═════ EXCERPTED RECORDS

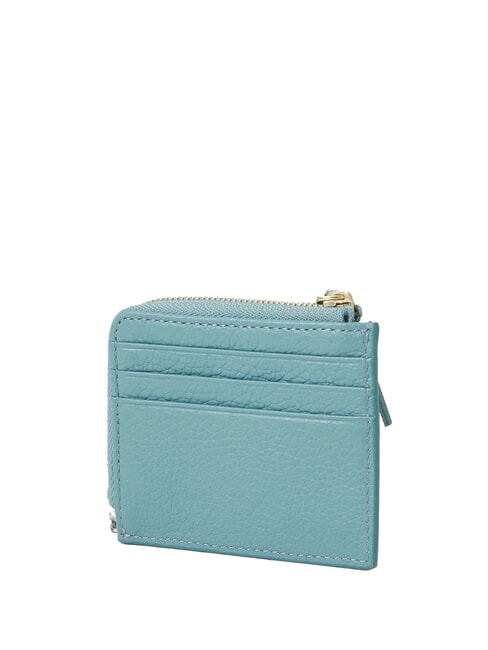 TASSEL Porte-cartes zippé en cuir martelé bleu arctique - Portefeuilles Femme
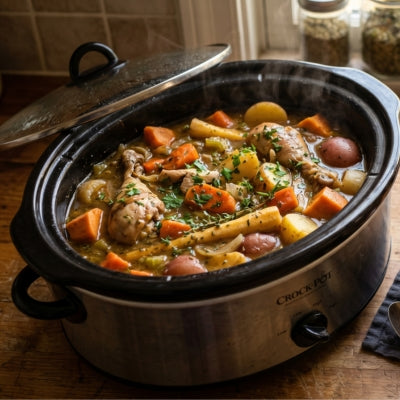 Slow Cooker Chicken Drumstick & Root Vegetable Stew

══════════
═════ EXCERPTED RECORDS

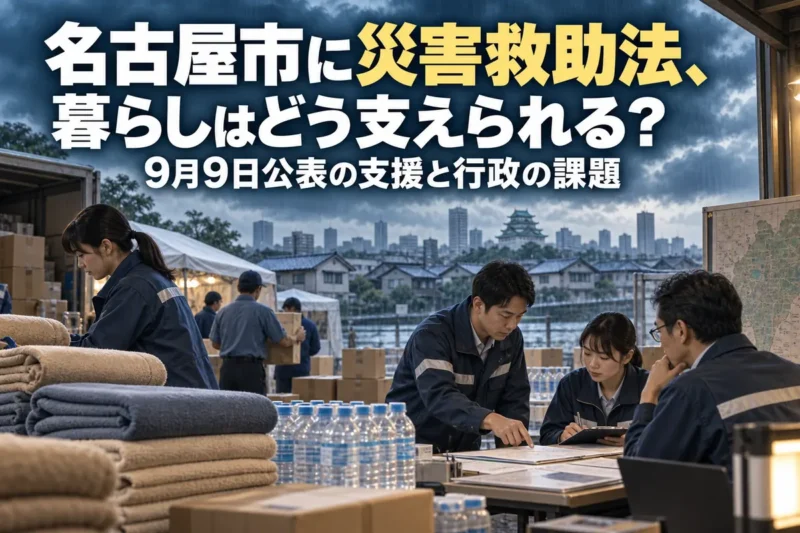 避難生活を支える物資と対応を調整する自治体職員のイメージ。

══════════

• **WORK INSTRUCTIONS**:
Look above for the line with "TASSEL Porte-cartes zippé" and the line with "Slow Cooker Chicken", then copy them and all lines in between exactly as written, and only those, without any pictures.

• **REPLY TO THE TASK**:
 TASSEL Porte-cartes zippé en cuir martelé bleu arctique - Portefeuilles Femme
 Slow Cooker Chicken Drumstick & Root Vegetable Stew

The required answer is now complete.